Dataset entries section start

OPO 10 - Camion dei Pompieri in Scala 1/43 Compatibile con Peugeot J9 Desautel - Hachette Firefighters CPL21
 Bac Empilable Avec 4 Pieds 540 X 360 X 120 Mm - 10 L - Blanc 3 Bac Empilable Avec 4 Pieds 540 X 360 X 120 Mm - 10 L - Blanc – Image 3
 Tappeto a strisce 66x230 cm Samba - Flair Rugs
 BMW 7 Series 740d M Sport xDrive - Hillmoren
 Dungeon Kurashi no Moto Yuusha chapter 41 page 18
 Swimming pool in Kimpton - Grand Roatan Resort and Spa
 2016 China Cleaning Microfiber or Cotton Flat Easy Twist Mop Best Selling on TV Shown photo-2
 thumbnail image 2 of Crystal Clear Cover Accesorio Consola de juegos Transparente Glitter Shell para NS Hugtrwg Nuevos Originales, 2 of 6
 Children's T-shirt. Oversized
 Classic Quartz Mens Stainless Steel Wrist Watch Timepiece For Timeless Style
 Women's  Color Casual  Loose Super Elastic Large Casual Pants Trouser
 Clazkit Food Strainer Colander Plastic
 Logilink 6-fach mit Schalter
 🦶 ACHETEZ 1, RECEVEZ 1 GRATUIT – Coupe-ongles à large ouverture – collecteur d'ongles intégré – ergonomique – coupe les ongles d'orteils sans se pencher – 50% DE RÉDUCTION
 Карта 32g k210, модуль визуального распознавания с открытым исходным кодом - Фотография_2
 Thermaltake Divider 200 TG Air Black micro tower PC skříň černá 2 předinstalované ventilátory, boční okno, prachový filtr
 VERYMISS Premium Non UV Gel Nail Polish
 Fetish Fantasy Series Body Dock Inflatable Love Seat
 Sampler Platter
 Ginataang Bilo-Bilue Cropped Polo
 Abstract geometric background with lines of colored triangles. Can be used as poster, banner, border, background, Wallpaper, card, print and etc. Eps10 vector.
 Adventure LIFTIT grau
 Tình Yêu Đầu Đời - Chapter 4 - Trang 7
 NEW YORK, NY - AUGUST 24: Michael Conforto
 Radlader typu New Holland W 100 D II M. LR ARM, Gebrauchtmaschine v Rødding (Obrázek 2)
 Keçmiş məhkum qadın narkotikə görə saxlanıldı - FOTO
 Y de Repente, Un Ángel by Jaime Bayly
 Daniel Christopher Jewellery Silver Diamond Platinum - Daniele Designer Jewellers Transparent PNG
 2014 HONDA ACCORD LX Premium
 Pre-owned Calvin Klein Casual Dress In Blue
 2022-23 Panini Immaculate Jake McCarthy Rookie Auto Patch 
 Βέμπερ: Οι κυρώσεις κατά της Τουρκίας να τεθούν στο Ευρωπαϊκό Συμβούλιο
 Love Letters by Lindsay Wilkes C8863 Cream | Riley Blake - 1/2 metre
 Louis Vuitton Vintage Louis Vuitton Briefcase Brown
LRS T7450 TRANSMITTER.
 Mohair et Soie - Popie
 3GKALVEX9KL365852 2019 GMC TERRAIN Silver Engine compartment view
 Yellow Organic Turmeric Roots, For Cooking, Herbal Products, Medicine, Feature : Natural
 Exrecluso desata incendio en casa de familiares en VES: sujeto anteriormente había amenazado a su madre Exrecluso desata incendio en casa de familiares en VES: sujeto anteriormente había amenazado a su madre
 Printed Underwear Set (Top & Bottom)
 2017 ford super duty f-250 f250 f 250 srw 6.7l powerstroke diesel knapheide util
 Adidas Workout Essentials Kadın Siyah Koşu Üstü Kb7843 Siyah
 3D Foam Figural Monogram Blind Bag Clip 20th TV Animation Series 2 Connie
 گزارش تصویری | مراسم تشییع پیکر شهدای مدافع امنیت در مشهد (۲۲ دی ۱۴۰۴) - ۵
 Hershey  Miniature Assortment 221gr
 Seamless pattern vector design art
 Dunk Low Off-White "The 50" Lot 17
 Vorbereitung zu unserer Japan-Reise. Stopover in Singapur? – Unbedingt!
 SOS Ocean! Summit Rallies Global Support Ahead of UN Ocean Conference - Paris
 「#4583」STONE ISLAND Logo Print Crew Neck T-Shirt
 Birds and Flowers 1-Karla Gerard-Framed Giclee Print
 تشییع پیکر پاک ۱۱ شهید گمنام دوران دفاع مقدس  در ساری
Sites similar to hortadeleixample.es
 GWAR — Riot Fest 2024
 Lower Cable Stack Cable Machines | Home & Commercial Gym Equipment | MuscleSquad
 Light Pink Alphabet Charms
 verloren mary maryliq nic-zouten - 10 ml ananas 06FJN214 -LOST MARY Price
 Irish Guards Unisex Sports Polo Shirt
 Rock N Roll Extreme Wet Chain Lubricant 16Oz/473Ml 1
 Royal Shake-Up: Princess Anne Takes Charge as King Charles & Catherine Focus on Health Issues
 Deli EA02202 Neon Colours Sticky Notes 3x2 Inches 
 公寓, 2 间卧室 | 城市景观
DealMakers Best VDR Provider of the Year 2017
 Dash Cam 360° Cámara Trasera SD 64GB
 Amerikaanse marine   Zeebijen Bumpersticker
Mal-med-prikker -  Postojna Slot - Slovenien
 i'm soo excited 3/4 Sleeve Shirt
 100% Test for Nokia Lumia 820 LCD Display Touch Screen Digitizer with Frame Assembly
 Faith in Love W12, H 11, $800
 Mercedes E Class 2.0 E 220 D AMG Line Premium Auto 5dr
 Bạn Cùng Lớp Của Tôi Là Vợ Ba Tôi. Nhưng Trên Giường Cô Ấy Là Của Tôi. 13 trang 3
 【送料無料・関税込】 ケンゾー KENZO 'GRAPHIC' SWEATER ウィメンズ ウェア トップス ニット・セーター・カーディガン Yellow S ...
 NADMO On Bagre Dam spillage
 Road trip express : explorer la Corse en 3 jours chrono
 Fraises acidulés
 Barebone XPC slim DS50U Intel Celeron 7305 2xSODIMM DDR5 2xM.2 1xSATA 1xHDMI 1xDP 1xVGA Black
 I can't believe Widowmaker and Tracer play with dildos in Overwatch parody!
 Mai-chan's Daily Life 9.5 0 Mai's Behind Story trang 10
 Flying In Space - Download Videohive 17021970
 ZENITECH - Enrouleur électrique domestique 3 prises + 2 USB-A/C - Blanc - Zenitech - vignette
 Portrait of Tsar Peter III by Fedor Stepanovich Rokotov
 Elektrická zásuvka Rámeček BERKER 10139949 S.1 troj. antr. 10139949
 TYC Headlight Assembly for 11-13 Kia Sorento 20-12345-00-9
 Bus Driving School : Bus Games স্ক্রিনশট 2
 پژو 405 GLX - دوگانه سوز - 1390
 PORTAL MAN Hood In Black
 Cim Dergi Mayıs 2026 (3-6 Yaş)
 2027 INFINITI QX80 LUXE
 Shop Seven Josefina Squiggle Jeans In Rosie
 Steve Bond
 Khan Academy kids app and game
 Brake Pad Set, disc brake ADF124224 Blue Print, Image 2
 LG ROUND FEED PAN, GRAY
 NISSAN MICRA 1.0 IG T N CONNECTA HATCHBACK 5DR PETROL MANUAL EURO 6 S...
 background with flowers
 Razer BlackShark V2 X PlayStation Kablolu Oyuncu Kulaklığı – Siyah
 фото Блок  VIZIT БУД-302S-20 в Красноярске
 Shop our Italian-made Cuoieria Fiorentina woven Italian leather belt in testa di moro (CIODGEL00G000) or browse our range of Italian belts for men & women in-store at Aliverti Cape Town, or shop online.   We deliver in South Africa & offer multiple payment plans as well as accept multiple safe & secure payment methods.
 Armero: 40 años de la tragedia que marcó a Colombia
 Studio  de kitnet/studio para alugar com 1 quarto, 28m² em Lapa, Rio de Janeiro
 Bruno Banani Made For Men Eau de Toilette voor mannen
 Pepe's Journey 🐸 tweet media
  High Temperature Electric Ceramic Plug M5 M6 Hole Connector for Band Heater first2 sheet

Dataset entries section end

What this task involves:
With the first line being the one containing "Light Pink Alphabet Charms" and the last line the one containing "NISSAN MICRA 1.0", transcribe exactly the lines above that fall in that range.

Task answer:
 Light Pink Alphabet Charms
 verloren mary maryliq nic-zouten - 10 ml ananas 06FJN214 -LOST MARY Price
 Irish Guards Unisex Sports Polo Shirt
 Rock N Roll Extreme Wet Chain Lubricant 16Oz/473Ml 1
 Royal Shake-Up: Princess Anne Takes Charge as King Charles & Catherine Focus on Health Issues
 Deli EA02202 Neon Colours Sticky Notes 3x2 Inches 
 公寓, 2 间卧室 | 城市景观
DealMakers Best VDR Provider of the Year 2017
 Dash Cam 360° Cámara Trasera SD 64GB
 Amerikaanse marine   Zeebijen Bumpersticker
Mal-med-prikker -  Postojna Slot - Slovenien
 i'm soo excited 3/4 Sleeve Shirt
 100% Test for Nokia Lumia 820 LCD Display Touch Screen Digitizer with Frame Assembly
 Faith in Love W12, H 11, $800
 Mercedes E Class 2.0 E 220 D AMG Line Premium Auto 5dr
 Bạn Cùng Lớp Của Tôi Là Vợ Ba Tôi. Nhưng Trên Giường Cô Ấy Là Của Tôi. 13 trang 3
 【送料無料・関税込】 ケンゾー KENZO 'GRAPHIC' SWEATER ウィメンズ ウェア トップス ニット・セーター・カーディガン Yellow S ...
 NADMO On Bagre Dam spillage
 Road trip express : explorer la Corse en 3 jours chrono
 Fraises acidulés
 Barebone XPC slim DS50U Intel Celeron 7305 2xSODIMM DDR5 2xM.2 1xSATA 1xHDMI 1xDP 1xVGA Black
 I can't believe Widowmaker and Tracer play with dildos in Overwatch parody!
 Mai-chan's Daily Life 9.5 0 Mai's Behind Story trang 10
 Flying In Space - Download Videohive 17021970
 ZENITECH - Enrouleur électrique domestique 3 prises + 2 USB-A/C - Blanc - Zenitech - vignette
 Portrait of Tsar Peter III by Fedor Stepanovich Rokotov
 Elektrická zásuvka Rámeček BERKER 10139949 S.1 troj. antr. 10139949
 TYC Headlight Assembly for 11-13 Kia Sorento 20-12345-00-9
 Bus Driving School : Bus Games স্ক্রিনশট 2
 پژو 405 GLX - دوگانه سوز - 1390
 PORTAL MAN Hood In Black
 Cim Dergi Mayıs 2026 (3-6 Yaş)
 2027 INFINITI QX80 LUXE
 Shop Seven Josefina Squiggle Jeans In Rosie
 Steve Bond
 Khan Academy kids app and game
 Brake Pad Set, disc brake ADF124224 Blue Print, Image 2
 LG ROUND FEED PAN, GRAY
 NISSAN MICRA 1.0 IG T N CONNECTA HATCHBACK 5DR PETROL MANUAL EURO 6 S...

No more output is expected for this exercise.